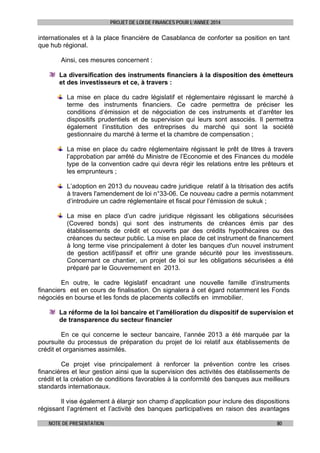PROJET DE LOI DE FINANCES POUR L’ANNEE 2014

internationales et à la place financière de Casablanca de conforter sa position en tant
que hub régional.
Ainsi, ces mesures concernent :
La diversification des instruments financiers à la disposition des émetteurs
et des investisseurs et ce, à travers :
La mise en place du cadre législatif et réglementaire régissant le marché à
terme des instruments financiers. Ce cadre permettra de préciser les
conditions d’émission et de négociation de ces instruments et d’arrêter les
dispositifs prudentiels et de supervision qui leurs sont associés. Il permettra
également l’institution des entreprises du marché qui sont la société
gestionnaire du marché à terme et la chambre de compensation ;
La mise en place du cadre réglementaire régissant le prêt de titres à travers
l’approbation par arrêté du Ministre de l’Economie et des Finances du modèle
type de la convention cadre qui devra régir les relations entre les prêteurs et
les emprunteurs ;
L’adoption en 2013 du nouveau cadre juridique relatif à la titrisation des actifs
à travers l'amendement de loi n°33-06. Ce nouveau cadre a permis notamment
d’introduire un cadre réglementaire et fiscal pour l’émission de sukuk ;
La mise en place d’un cadre juridique régissant les obligations sécurisées
(Covered bonds) qui sont des instruments de créances émis par des
établissements de crédit et couverts par des crédits hypothécaires ou des
créances du secteur public. La mise en place de cet instrument de financement
à long terme vise principalement à doter les banques d'un nouvel instrument
de gestion actif/passif et offrir une grande sécurité pour les investisseurs.
Concernant ce chantier, un projet de loi sur les obligations sécurisées a été
préparé par le Gouvernement en 2013.
En outre, le cadre législatif encadrant une nouvelle famille d’instruments
financiers est en cours de finalisation. On signalera à cet égard notamment les Fonds
négociés en bourse et les fonds de placements collectifs en immobilier.
La réforme de la loi bancaire et l’amélioration du dispositif de supervision et
de transparence du secteur financier
En ce qui concerne le secteur bancaire, l’année 2013 a été marquée par la
poursuite du processus de préparation du projet de loi relatif aux établissements de
crédit et organismes assimilés.
Ce projet vise principalement à renforcer la prévention contre les crises
financières et leur gestion ainsi que la supervision des activités des établissements de
crédit et la création de conditions favorables à la conformité des banques aux meilleurs
standards internationaux.
Il vise également à élargir son champ d’application pour inclure des dispositions
régissant l’agrément et l’activité des banques participatives en raison des avantages
NOTE DE PRESENTATION

80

◆ WHAT THIS TASK INVOLVES:
Copy every entry exactly, leaving out the pictures.

◆ ANSWER BOX:
PROJET DE LOI DE FINANCES POUR L’ANNEE 2014

internationales et à la place financière de Casablanca de conforter sa position en tant
que hub régional.
Ainsi, ces mesures concernent :
La diversification des instruments financiers à la disposition des émetteurs
et des investisseurs et ce, à travers :
La mise en place du cadre législatif et réglementaire régissant le marché à
terme des instruments financiers. Ce cadre permettra de préciser les
conditions d’émission et de négociation de ces instruments et d’arrêter les
dispositifs prudentiels et de supervision qui leurs sont associés. Il permettra
également l’institution des entreprises du marché qui sont la société
gestionnaire du marché à terme et la chambre de compensation ;
La mise en place du cadre réglementaire régissant le prêt de titres à travers
l’approbation par arrêté du Ministre de l’Economie et des Finances du modèle
type de la convention cadre qui devra régir les relations entre les prêteurs et
les emprunteurs ;
L’adoption en 2013 du nouveau cadre juridique relatif à la titrisation des actifs
à travers l'amendement de loi n°33-06. Ce nouveau cadre a permis notamment
d’introduire un cadre réglementaire et fiscal pour l’émission de sukuk ;
La mise en place d’un cadre juridique régissant les obligations sécurisées
(Covered bonds) qui sont des instruments de créances émis par des
établissements de crédit et couverts par des crédits hypothécaires ou des
créances du secteur public. La mise en place de cet instrument de financement
à long terme vise principalement à doter les banques d'un nouvel instrument
de gestion actif/passif et offrir une grande sécurité pour les investisseurs.
Concernant ce chantier, un projet de loi sur les obligations sécurisées a été
préparé par le Gouvernement en 2013.
En outre, le cadre législatif encadrant une nouvelle famille d’instruments
financiers est en cours de finalisation. On signalera à cet égard notamment les Fonds
négociés en bourse et les fonds de placements collectifs en immobilier.
La réforme de la loi bancaire et l’amélioration du dispositif de supervision et
de transparence du secteur financier
En ce qui concerne le secteur bancaire, l’année 2013 a été marquée par la
poursuite du processus de préparation du projet de loi relatif aux établissements de
crédit et organismes assimilés.
Ce projet vise principalement à renforcer la prévention contre les crises
financières et leur gestion ainsi que la supervision des activités des établissements de
crédit et la création de conditions favorables à la conformité des banques aux meilleurs
standards internationaux.
Il vise également à élargir son champ d’application pour inclure des dispositions
régissant l’agrément et l’activité des banques participatives en raison des avantages
NOTE DE PRESENTATION

80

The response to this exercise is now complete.